2022 Latest Caselaw 8118 Cal

Citation : 2022 Latest Caselaw 8118 Cal
Judgement Date : 8 December, 2022

Calcutta High Court (Appellete Side)
Md. Sariful Mondal vs The State Of West Of West Bengal And ... on 8 December, 2022
December 8, 2022
Sl. No.2
Court No.1
s.biswas
                                       MAT 1838 of 2022
                                            With
                                        CAN 1 of 2022

                                       Md. Sariful Mondal
                                               vs.
                          The State of West of West Bengal and others

                    Mr. Mohinoor Rahaman,
                    Ms. Maria Rahaman,
                    Ms. Iqra Rahaman, Advocates
                                                          ... for the appellant
                    Mr. Himadri Sekhar Chakraborty,
                    Mr. Dipankar Ghosh, Advocates
                                                          ... for the State
                    Mr. Mahamudul Hassan, Advocate
                                         ... for the respondent Nos.7 & 15

Mr. Manas Kumar Das, Advocate

This intra-court appeal is at the instance of the

writ petitioner challenging the order of the learned

Single Judge dated 21st November, 2022 dismissing

the WPA 23230 of 2022.

The appellant had approached the writ court

with the plea that he is the legal heir of the original

owner of the land in question on which the

respondents were raising construction of a mosque.

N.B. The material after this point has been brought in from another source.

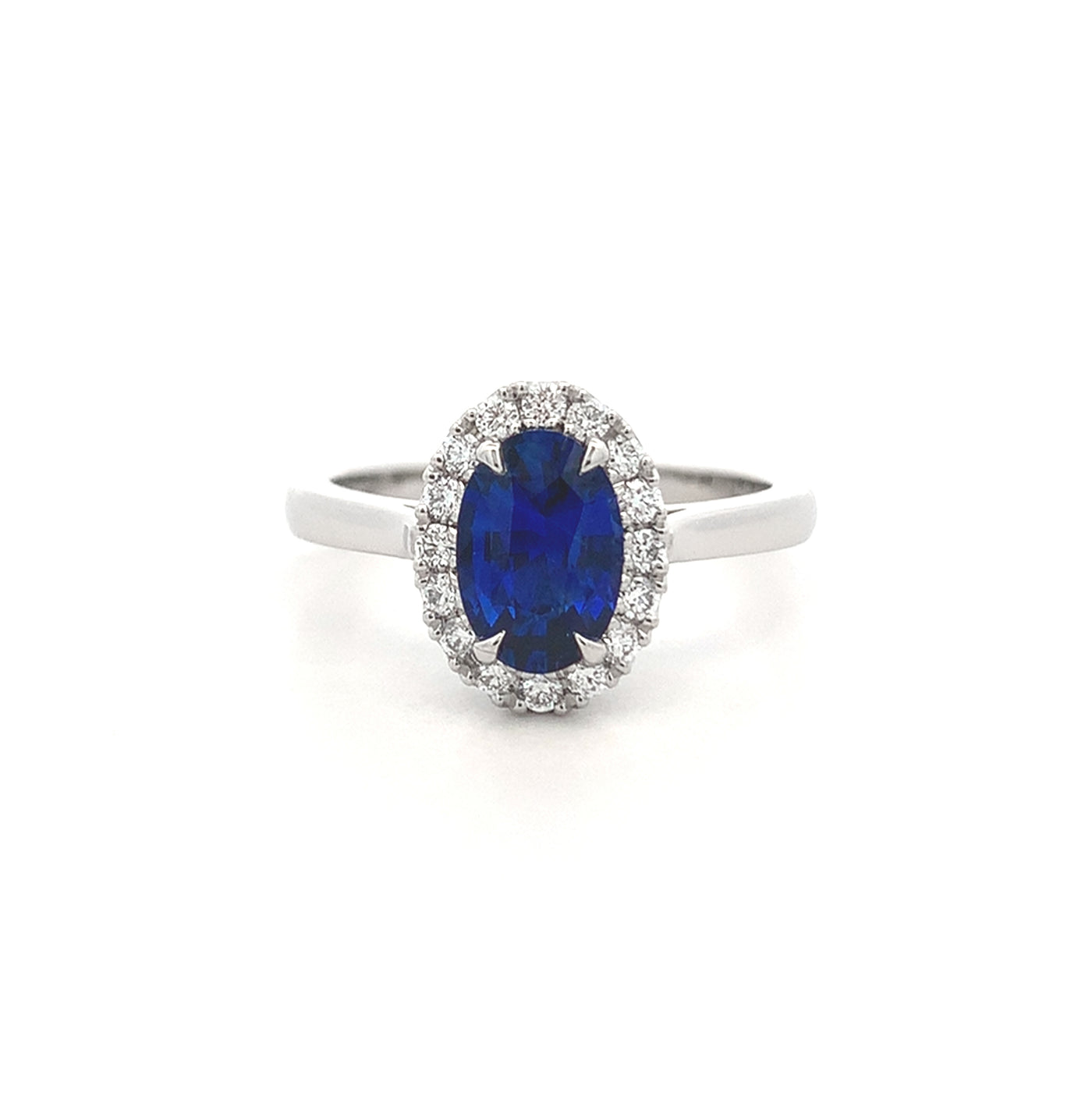 Luminous: Oval Cut Sapphire and Diamond Halo Ring in Platinum | 1.31ct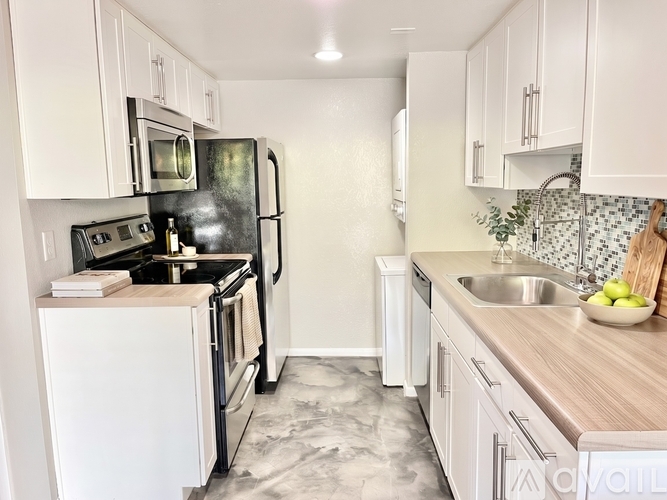 A kitchen with a sign offering a free first month for moving in.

Hence the prayer was made to issue a direction to

the official respondents especially the District

Magistrate and Collector, North 24 Parganas to take

immediate action for demolishing the construction of

mosque raised on the land in question.

Learned Single Judge has taken note of the

pending suit and the order passed therein on the

application for temporary injunction and thereafter

has refused to interfere in the matter.

MAT 1838 of 2022

Submission of learned counsel for the appellant

is that under Section 5 of the West Bengal Religious

Buildings and Places Act, 1985, the permission is

required for construction of public religious building

and in terms of Section 9 of the Act, jurisdiction of

the Civil Court is barred. His further submission is

that learned Single Judge ought to have entertained

the petition and granted relief as prayed therein.

Learned counsel for the respondents have

opposed the appeal. Submission of learned counsel

for the respondent Nos.7 and 15 is that the

temporary injunction has already been refused by

the trial court and that after an agreement with the

appellant, the construction of the mosque has been

started, therefore at this stage no interference is

required.

Learned counsel for the other private

respondents has also opposed the appeal.

Learned counsel for the State has submitted

that the mosque was constructed in the year 2019

and there is no construction going on at this stage.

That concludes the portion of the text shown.